**Work to be completed:** From the line that contains "挨打的挨是什么的拼音.docx免费下载(word版可打印)" through the last line of the data, copy everything exactly and nothing else, omitting the pictures.

· · · · ·

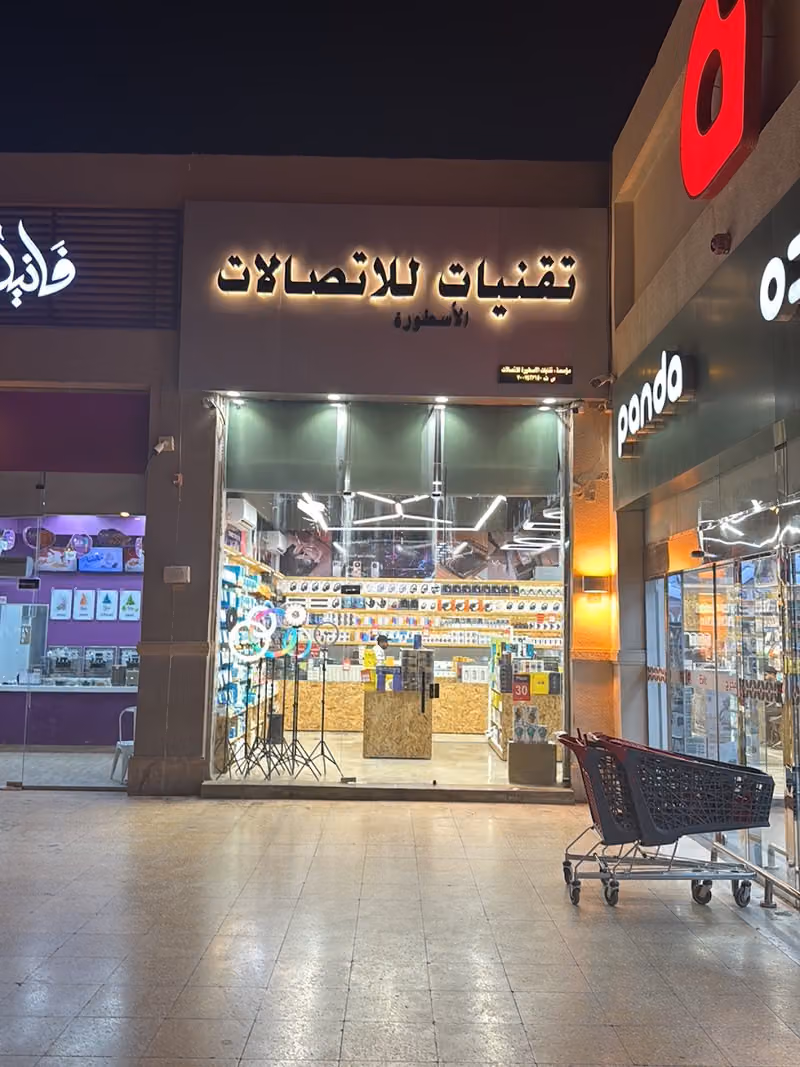 تقنيات للاتصالات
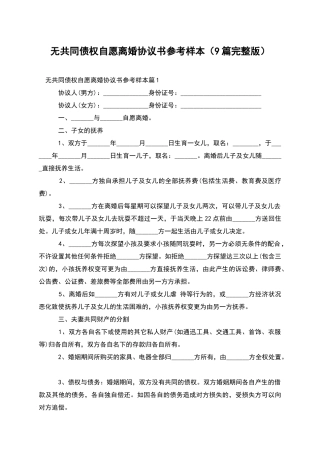 无共同债权自愿离婚协议书参考样本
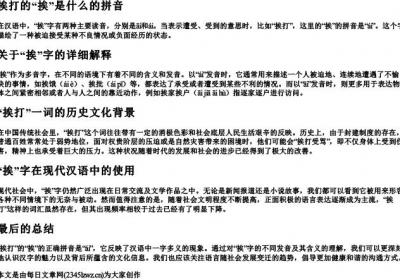 挨打的挨是什么的拼音.docx免费下载(word版可打印)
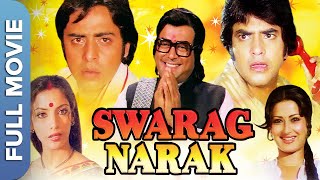 स्वर्ग नरक | जीतेन्द्र और संजीव कुमार  | Swarg Narak | Hindi Old Movie | Sanjeev Kumar | Jeetendra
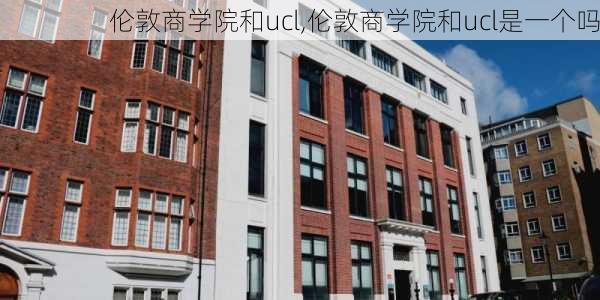 伦敦商学院和ucl,伦敦商学院和ucl是一个吗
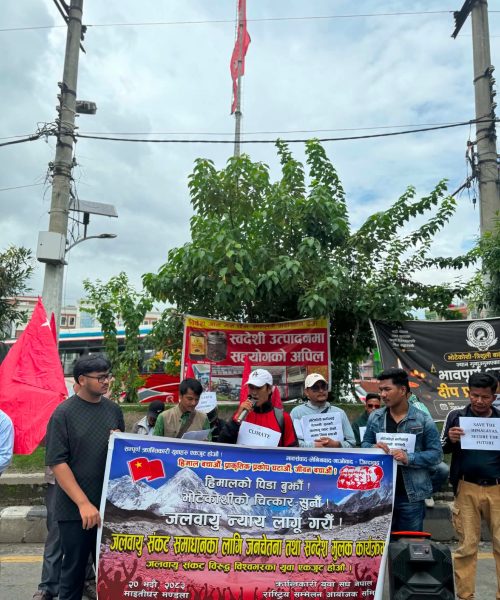 क्रान्तिकारी युवा संघ नेपालद्वारा जलवायु न्यायको माग गर्दै प्रदर्शन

· · · · ·

**Reply:**
 挨打的挨是什么的拼音.docx免费下载(word版可打印)
 स्वर्ग नरक | जीतेन्द्र और संजीव कुमार  | Swarg Narak | Hindi Old Movie | Sanjeev Kumar | Jeetendra
 伦敦商学院和ucl,伦敦商学院和ucl是一个吗
 क्रान्तिकारी युवा संघ नेपालद्वारा जलवायु न्यायको माग गर्दै प्रदर्शन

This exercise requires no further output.